Transcribe precisely those lines of the listing that fall between the line containing "Proportionen der Flagge: Paraíba" and the last line, inclusive of both.

• **Provided data**:
------------------------------------------------------------

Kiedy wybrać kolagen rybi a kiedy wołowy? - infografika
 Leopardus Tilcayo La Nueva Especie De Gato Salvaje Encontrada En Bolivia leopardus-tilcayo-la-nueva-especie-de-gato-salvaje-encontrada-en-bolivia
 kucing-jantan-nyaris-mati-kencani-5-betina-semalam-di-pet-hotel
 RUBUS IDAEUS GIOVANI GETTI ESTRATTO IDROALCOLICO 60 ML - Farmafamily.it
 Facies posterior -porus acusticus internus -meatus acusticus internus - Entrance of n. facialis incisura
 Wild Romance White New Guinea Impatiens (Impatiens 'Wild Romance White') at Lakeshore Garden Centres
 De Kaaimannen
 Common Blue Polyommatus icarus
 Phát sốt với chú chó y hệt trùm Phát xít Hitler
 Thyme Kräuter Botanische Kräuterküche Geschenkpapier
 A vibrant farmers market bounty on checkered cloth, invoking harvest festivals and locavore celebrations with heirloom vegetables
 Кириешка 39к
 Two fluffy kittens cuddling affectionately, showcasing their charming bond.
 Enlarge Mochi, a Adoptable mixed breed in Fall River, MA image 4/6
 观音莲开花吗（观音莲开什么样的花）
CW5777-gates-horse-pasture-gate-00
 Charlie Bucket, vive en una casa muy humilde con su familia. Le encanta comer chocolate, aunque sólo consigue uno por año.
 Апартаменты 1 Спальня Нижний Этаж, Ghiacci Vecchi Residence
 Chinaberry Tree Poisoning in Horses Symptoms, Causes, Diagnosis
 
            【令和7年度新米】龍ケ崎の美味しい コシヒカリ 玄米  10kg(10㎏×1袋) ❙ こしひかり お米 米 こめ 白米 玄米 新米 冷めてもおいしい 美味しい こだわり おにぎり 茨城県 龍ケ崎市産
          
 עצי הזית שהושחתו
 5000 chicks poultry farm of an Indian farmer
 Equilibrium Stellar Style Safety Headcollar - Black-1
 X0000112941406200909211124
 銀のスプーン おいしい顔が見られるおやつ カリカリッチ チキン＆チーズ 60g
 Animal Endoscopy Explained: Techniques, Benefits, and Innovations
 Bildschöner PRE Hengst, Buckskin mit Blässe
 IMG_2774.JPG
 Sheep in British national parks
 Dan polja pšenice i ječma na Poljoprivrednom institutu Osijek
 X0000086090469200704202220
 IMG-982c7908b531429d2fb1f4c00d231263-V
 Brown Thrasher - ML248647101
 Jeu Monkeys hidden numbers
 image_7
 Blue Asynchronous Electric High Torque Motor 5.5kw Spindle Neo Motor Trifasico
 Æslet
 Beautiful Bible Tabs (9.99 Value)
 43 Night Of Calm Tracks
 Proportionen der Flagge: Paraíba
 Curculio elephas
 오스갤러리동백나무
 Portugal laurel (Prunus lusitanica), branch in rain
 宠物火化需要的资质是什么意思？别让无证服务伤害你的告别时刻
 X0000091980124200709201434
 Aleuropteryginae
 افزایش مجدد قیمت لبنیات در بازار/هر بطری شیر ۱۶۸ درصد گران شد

------------------------------------------------------------

• **Exercise solution**:
 Proportionen der Flagge: Paraíba
 Curculio elephas
 오스갤러리동백나무
 Portugal laurel (Prunus lusitanica), branch in rain
 宠物火化需要的资质是什么意思？别让无证服务伤害你的告别时刻
 X0000091980124200709201434
 Aleuropteryginae
 افزایش مجدد قیمت لبنیات در بازار/هر بطری شیر ۱۶۸ درصد گران شد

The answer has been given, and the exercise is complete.